The brainchild of a happy marriage between the expertise of the in-house Italian sommeliers and the renowned chefs from the already established Sood Family, BOTTLES might just be the slice of authentic European dining that you’ve been waiting for.
What’s the occasion?
Perfect for taking a date you’re looking to impress, as the bar is still relatively undiscovered and would be equally well-suited to a night spent with a group of friends, as to a night gazing into a partner’s eyes.
There’s a happy informality to the place, which will take the pressure off any first date nerves. However, a careful line is walked here in order to maintain a sense of exclusivity.
What’s the vibe?
This hits all the right design notes for an on-brand addition to Old Spitalfields Market (think floor-to-ceiling reclaimed fruit crates, dimmed light bulbs and exposed brickwork). Fortunately, BOTTLES brings just enough individual spark to avoid sliding into cliché — with its superior menu, interior quirks including a stand-alone vintage meat and cheese slicer, alongside particularly lovely outdoor terrace.
I have to confess being slightly confused by the soundtrack, however, which jumped merrily between Bryan Adams and Fred Buscaglione — although this was but a small distraction from an otherwise ambient setting.
What’s on the menu?
As you will have come to expect if you have enjoyed food by Sood Family, the menu is always seasonal and expertly sourced for flavours which can be given only by the best products that grow and live in specific areas of the world.
The key concept here is that the best in regional food is paired with its perfect bottle — your plate and Gabriel Glas wine glass should always be working in harmony.

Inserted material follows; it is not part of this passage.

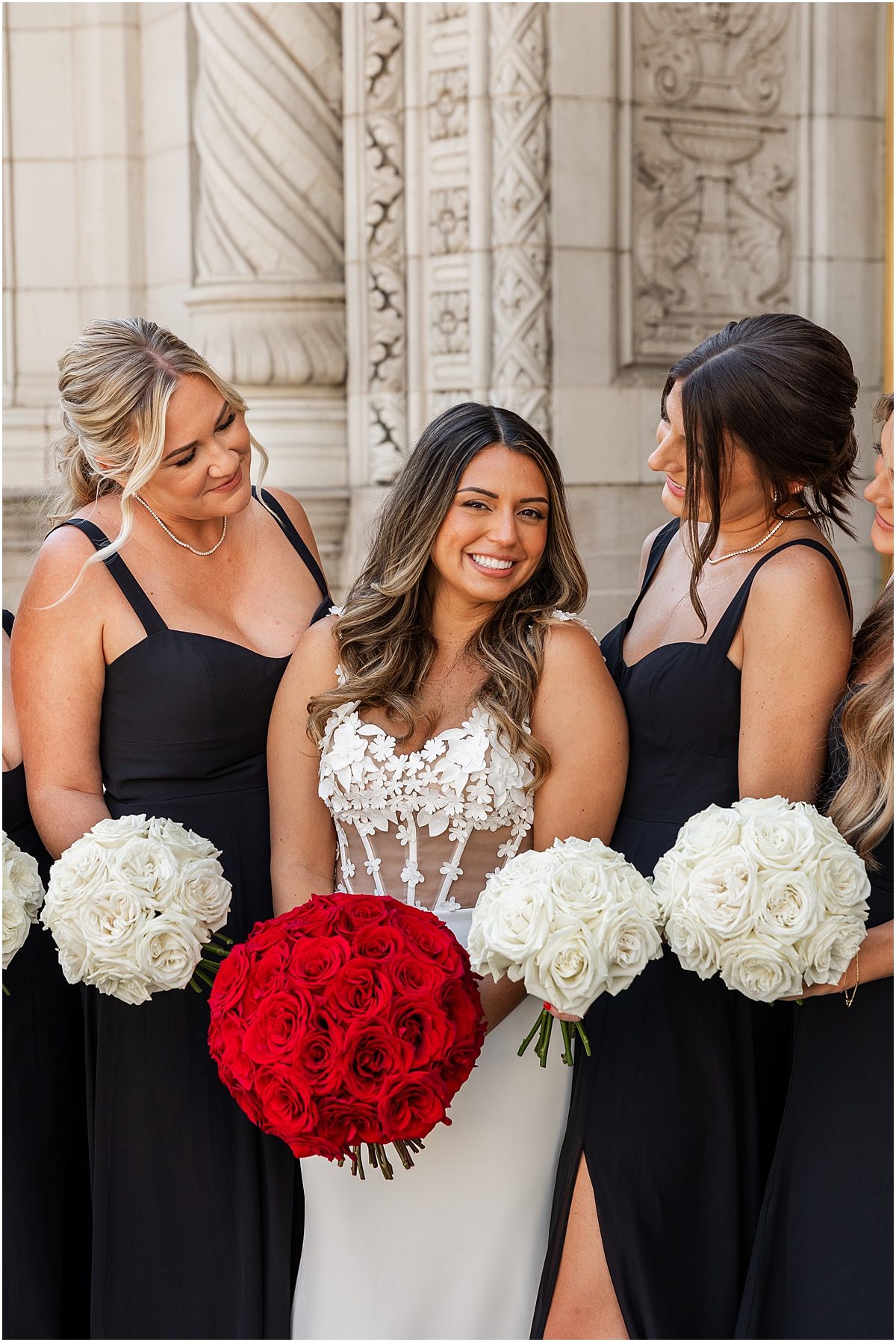 bride in corset style wedding dress holding red rose bouquet with bridesmaids in black dresses and holding white rose bouquets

You can expect distinctly Italian ingredients and flavours reimagined with surprising recipes, and plates designed as smaller dishes to be shared. However, we each enjoyed a larger dish each and were comfortably well-fed.
"The best in regional food is paired with its perfect bottle..."

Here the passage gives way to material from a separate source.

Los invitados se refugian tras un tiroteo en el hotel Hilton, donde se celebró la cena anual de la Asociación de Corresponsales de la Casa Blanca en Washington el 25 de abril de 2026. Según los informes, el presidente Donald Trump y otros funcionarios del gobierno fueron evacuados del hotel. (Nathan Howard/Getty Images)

The Iberico pork served with fermented cherries and coconut cream enjoyed across the table from me, was every bit as delightful and the beef fillet I ordered with horseradish cream, beetroot and hazelnut. I was particularly impressed to learn too, that the kitchen operates a zero-waste policy by discarding none of their ingredients.
What should I be drinking?
The focus here is on quality wines made by independent producers and small farms showcasing regional and indigenous varieties and grapes.

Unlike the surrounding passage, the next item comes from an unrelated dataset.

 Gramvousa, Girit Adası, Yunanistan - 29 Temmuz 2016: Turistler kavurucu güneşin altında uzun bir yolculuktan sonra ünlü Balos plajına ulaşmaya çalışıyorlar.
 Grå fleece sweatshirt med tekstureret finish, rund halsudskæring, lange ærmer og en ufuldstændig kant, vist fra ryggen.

Whilst the majority of labels are Italian, there are also a selection of international offerings and a small but quality selection of fine wines. To even the most cultivated of oenophile, my recommendation would be to take advantage of the expertise of your sommelier.
A special mention must be given here to aspiring theatre director-cum-sommelier Marco, whose recommendation of the 2015 Ikebana Zelige Caravent Pic-Saint-Loup to pair with my beef fillet resulted in a match made in gastronomical heaven.
What’s the damage?
Plates begin at £6.50, with a larger main dish reaching up to £26. A bottle of wine here could cost you anything from a moderate £20, to £750 for a double magnum of the 2001 Paitin Barbaresco Sori Paitin from the Piedmont region.